Jim’s architecture students also collaborated with John’s freshwater sciences students to design, among other things, a stream to convey treated wastewater from the school’s aquaculture facilities along the front of the new building. “There would be a fish ladder. Fish could spawn and have sex at the front door of the building. I always thought that was a great introduction to freshwater sciences,” he says.
One student vision even had the water pouring from a large fish tank visible at the entryway. It would have been stocked with native fish, with species rotated seasonally according to their temperature tolerance.
While the constructed configuration of Harbor View Plaza puts the possibility of a stream in doubt, there are still plans to install a second aquaculture water fountain at the west entry of the school.
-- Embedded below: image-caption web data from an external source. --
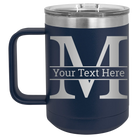 Personalized navy 15 oz vacuum insulated coffee mug with 'Monogram letter M' design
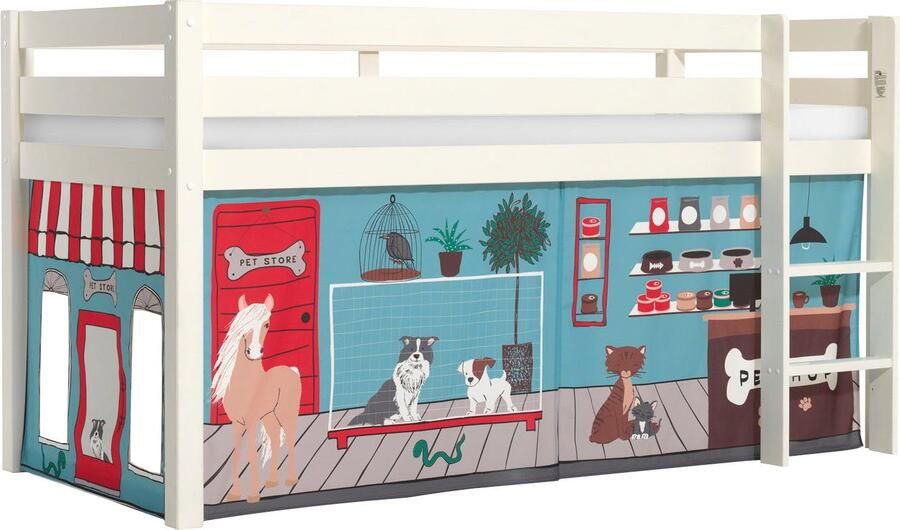 Vipack Speelbed Pino massief dennenhout met lattenbodem en textielset gemaakt in Europa - Foto 4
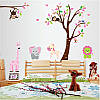 Наклейка на стіну в дитячу кімнату Звірі біля дерева  ( 2 листа 60  х 90 см) Б69, фото 5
Did you know? Jim convinced his father to install solar panels on their family home with support from a federal grant under the Carter administration in 1978. “It was the most empowering thing I did as a freshman in college,” he recalls with a smile.
A Tale of Two Fountains
The fountain at First & Greenfield was intended to have a sister built outside the School of Freshwater Sciences. The two fountains would symbolically connect the two ends of E. Greenfield Avenue divided by the railroad bridge. They would also illustrate the “One Water” concept as articulated by German designer Herbert Dreiseitl, who Jim Wasley celebrates as the world’s premier ecological waterscapes designer, responsible for Potsdamer Platz in Berlin. The Freshwater Plaza Fountain recirculates stormwater captured from the adjacent building roof and stored in an underground cistern. The fountain designed for the west entry at the School of Freshwater Sciences is intended to continuously discharge water from the school’s aquaculture facilities into a habitat pool.